At the moment, I’m not doing any of that. I’m busy, true – but not so busy I can’t squeeze extra work in. Today, for example, I finished this music video script (another first for me – I didn’t even know they had scripts) and then I … just gave up. I downed tools at about five this afternoon and just fucked around for the rest of the day.
It’s not like I haven’t got stuff to do, but I can’t be bothered. I know exactly how long it’s going to take me to work through my list of jobs and I’m not pushing myself. I could have cracked on today with the feature rewrite I’m in the middle of, but I’ve already planned to do a little bit each day and I just can’t muster the will to push myself harder.

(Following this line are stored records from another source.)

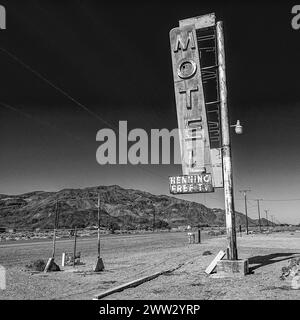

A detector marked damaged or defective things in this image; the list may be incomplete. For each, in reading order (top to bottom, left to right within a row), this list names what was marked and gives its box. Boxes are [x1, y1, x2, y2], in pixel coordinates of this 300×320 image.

rusted sign panel [169, 25, 213, 179]
rusted sign panel [169, 174, 213, 194] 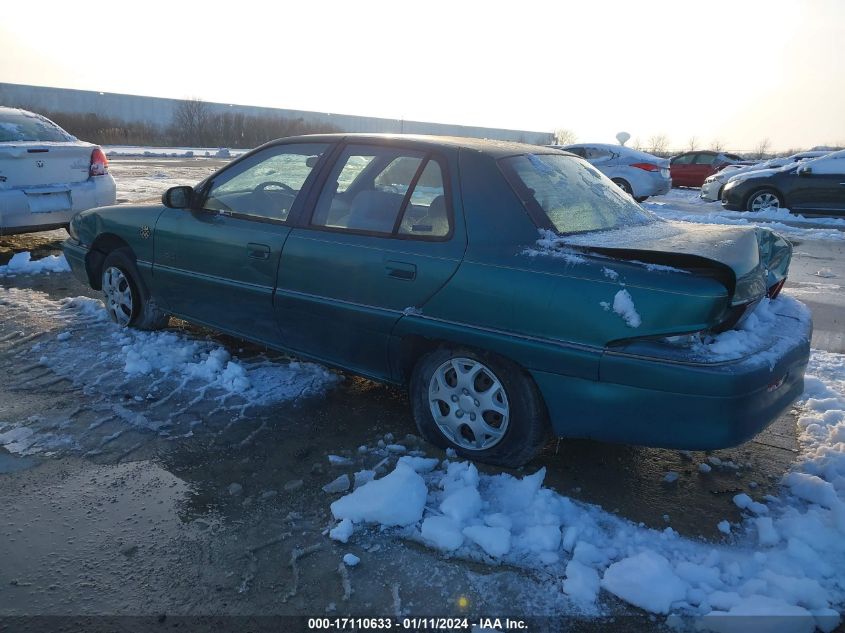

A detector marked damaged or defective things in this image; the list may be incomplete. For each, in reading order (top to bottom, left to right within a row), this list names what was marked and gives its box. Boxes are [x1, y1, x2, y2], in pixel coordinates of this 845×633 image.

damaged rear bumper [528, 302, 812, 450] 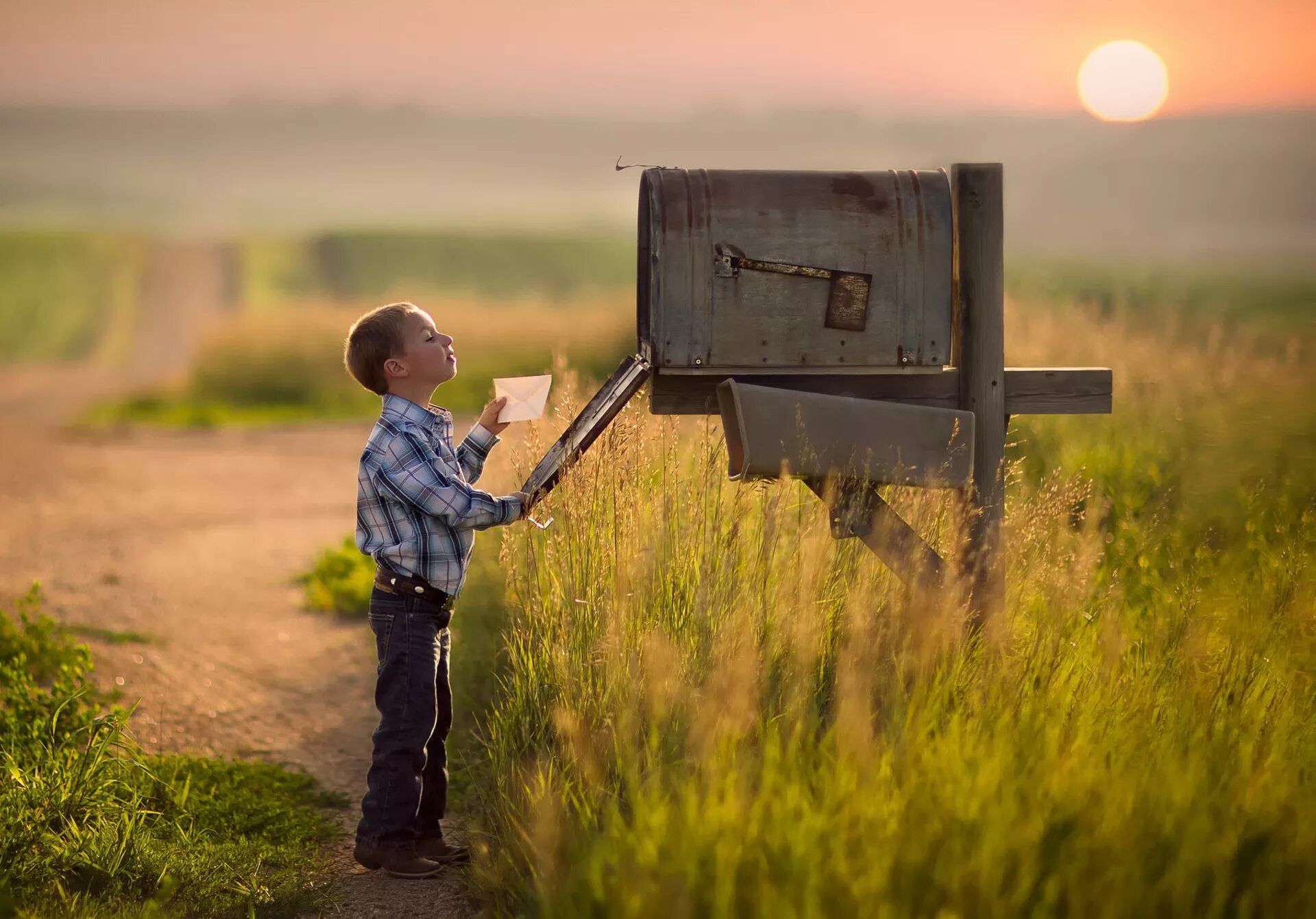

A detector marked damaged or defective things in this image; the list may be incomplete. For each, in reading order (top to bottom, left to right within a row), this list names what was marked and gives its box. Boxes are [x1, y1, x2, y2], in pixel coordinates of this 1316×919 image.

rusty mailbox [521, 164, 1110, 616] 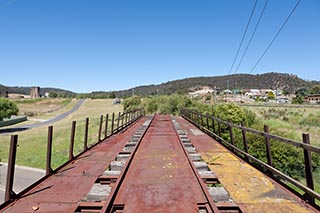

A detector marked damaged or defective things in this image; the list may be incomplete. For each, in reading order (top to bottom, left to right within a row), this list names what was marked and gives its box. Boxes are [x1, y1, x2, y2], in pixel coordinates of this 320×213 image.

rusty steel bridge deck [0, 115, 318, 212] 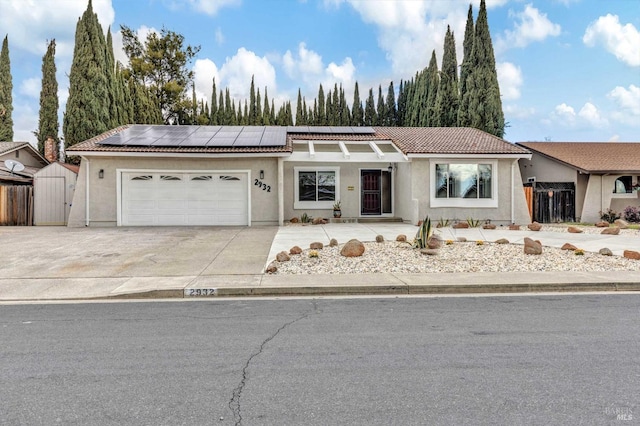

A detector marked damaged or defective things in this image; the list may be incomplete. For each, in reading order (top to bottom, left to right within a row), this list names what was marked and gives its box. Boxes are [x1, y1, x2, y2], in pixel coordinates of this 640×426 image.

street crack [229, 310, 312, 426] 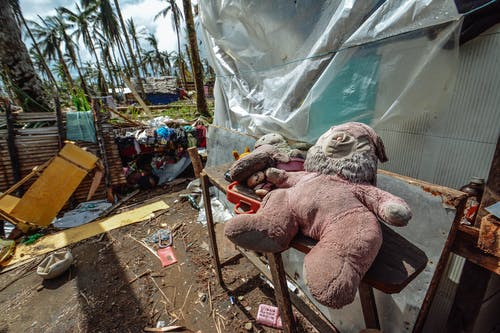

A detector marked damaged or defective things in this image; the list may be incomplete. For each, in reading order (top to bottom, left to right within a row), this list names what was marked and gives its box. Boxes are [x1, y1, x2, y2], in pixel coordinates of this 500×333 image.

broken wooden board [4, 198, 170, 266]
rusty metal leg [200, 171, 224, 286]
rusty metal leg [266, 252, 296, 332]
rusty metal leg [358, 282, 380, 328] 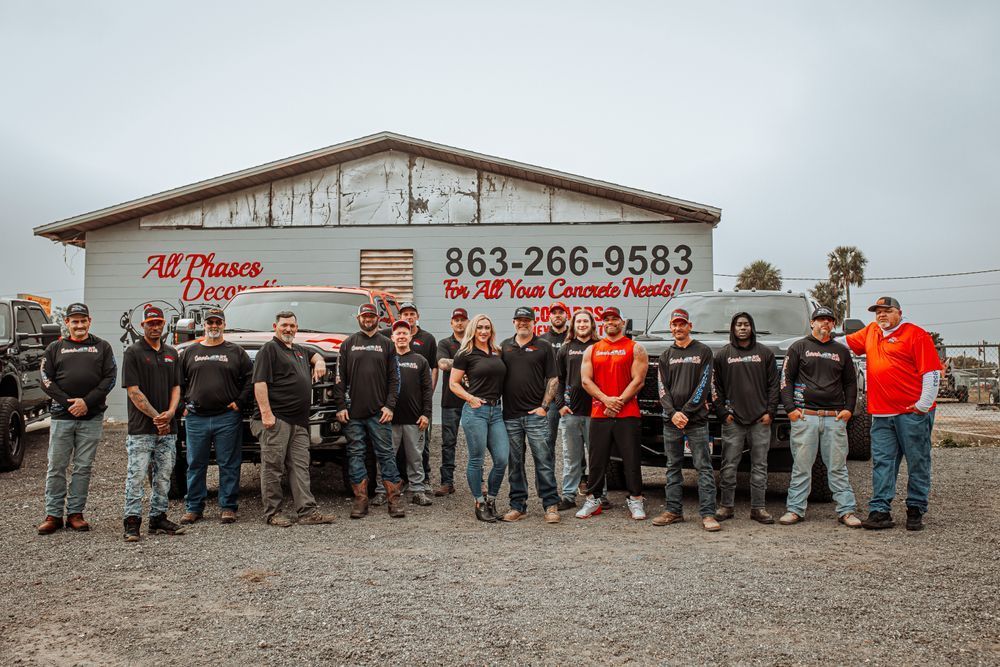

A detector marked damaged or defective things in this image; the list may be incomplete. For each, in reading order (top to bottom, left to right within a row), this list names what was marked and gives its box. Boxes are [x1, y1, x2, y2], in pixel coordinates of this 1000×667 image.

rusty roof edge [31, 132, 720, 244]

The way I’m acting, you’d think I’d actually achieved something of note which meant I don’t need to try as hard. Yeah, I’m working; but once the current list of jobs is done, there’s nothing to replace it.
I’ve got a feature in production, one in pre-production and five in development – but so what? There’s a better than average chance none of them will ever come to fruition – and even if they do, miracle of miracles, actually result in a film; there’s a very good chance none of them will be good enough to garner any attention whatsoever.
That’s not a slur on the people/companies who intend to make them, it’s just a statistical fact – most projects never see the light of day and most of the ones which do are a pile of shit.
And even if they all sprang into production tomorrow and even if they were all good enough to draw attention to my career – it’ll still be over a year before I’d see any discernable effect.
So what the hell am I waiting for?
Why aren’t I cracking on with one of the mountain of spec ideas I have lying around? Why don’t I make an effort to send out my three remaining spec scripts? At the very least, why aren’t I making some pocket money by writing sketches?
In short, why am I being so fucking complacent?
I think part of it is not having seen my wife, Mandy, for over a week (she’s an air hostess, you know?). If I’m lucky and her flight lands on time, I’ll see her for an hour tomorrow before I have to head off. If I’m unlucky and her flight is delayed, I won’t see her until Thursday. That’s shit, at best. I miss her.
Even that’s not really an excuse. Time was, as soon as she left the house, I’d throw myself at the keyboard and write continuously until I passed out from hunger.
Maybe it’s the heat, I don’t know. Whatever it is, it’s annoying the piss out of me. I’d like to say I’m going to turn over a new leaf tomorrow (or perhaps, go back to my old leaf); but it sounds like an awful lot of work and there’s bound to be something good on the telly.
Oh well, hopefuly it’s just a passing phase and I’ll be back on track soon.